Will it happen? Quite frankly, I have no idea. Just over a week ago it looked more likely than it does now. Why you ask? The NSA. Snowden and company managed to take France to the brink of requesting talks be delayed for two weeks to instead focus on discussions about NSA spying on EU members and leadership. Granted, France was talked off the ledge, but this isn't exactly a great start to talks that are sure to be difficult and dysfunctional at various times. To meet in the middle, talks will be taking place about both the NSA situation as well as TTIP at the same time. It's quite possible that these parallel talks could prove counterproductive, with the NSA taking precedence over trade.

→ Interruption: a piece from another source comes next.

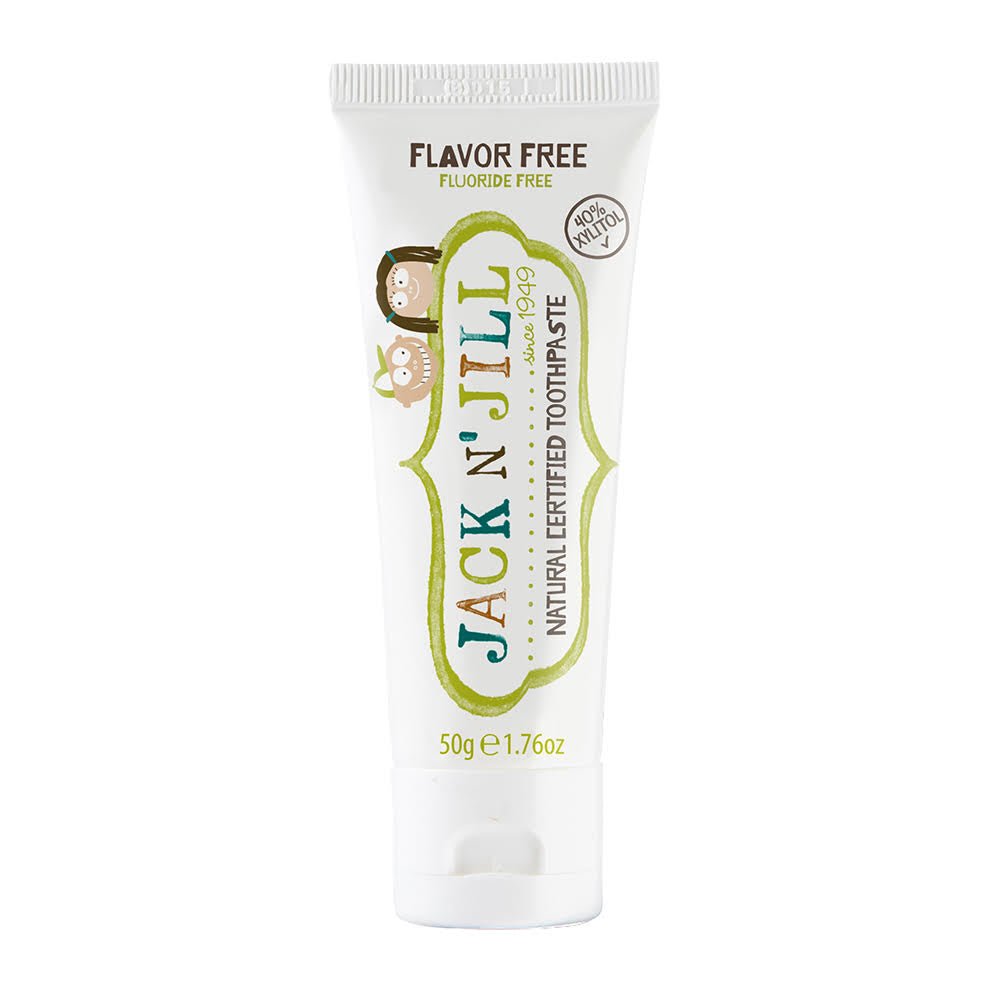 Jack N' Jill Natural Certified Toothpaste Unflavoured 50g - JING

Add onto that the questions about sacred cows that both sides would prefer to keep protected. To be forthright, I don't expect a jubilant announcement sometime in Q4 2014 about the TTIP. I would not be surprised if talks are continued on into the future, or if there is an agreement put into place that protects some of those national interests that those countries and their labor sectors would much prefer to see in place. Then again, there's always the option that absolutely nothing comes from these talks other than plenty of excitement from economists and reporters, only to find that the gaps are just too large to bridge.

Regardless of the outcome, the process that goes into the Transatlantic Trade and Investment Partnership warrants close observation by people in all walks of life.